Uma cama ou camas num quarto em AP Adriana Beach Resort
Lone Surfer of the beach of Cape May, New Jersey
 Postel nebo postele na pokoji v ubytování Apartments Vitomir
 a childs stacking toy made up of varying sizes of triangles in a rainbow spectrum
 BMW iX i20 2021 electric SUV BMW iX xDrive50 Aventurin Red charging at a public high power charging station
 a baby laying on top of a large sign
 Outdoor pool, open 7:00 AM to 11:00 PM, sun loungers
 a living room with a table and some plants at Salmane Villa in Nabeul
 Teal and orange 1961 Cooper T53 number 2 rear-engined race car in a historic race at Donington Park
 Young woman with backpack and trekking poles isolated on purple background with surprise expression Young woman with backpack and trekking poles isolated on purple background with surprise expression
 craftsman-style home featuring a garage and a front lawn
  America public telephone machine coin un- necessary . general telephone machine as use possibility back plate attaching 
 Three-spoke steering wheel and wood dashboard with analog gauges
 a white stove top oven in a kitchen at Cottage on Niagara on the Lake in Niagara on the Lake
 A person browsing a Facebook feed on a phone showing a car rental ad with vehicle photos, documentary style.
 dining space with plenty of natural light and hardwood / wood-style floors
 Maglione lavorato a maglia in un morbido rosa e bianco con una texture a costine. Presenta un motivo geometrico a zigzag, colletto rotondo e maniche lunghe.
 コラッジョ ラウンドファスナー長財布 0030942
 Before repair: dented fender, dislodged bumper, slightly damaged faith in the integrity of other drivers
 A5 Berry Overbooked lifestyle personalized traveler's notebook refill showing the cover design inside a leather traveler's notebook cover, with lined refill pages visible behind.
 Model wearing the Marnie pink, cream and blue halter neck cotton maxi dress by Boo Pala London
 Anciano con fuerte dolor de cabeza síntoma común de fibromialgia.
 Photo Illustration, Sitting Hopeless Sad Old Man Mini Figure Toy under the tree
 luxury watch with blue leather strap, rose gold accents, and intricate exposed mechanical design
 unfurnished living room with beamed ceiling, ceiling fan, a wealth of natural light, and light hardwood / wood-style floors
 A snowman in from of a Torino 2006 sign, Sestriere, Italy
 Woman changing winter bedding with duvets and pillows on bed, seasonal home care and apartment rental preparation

▸ **Assignment**: Within the listing above, locate the line containing "Three-spoke steering wheel" and the line containing "a white stove". Reproduce those two lines and all lines between them exactly, with nothing added.

▸ **Written answer**:
 Three-spoke steering wheel and wood dashboard with analog gauges
 a white stove top oven in a kitchen at Cottage on Niagara on the Lake in Niagara on the Lake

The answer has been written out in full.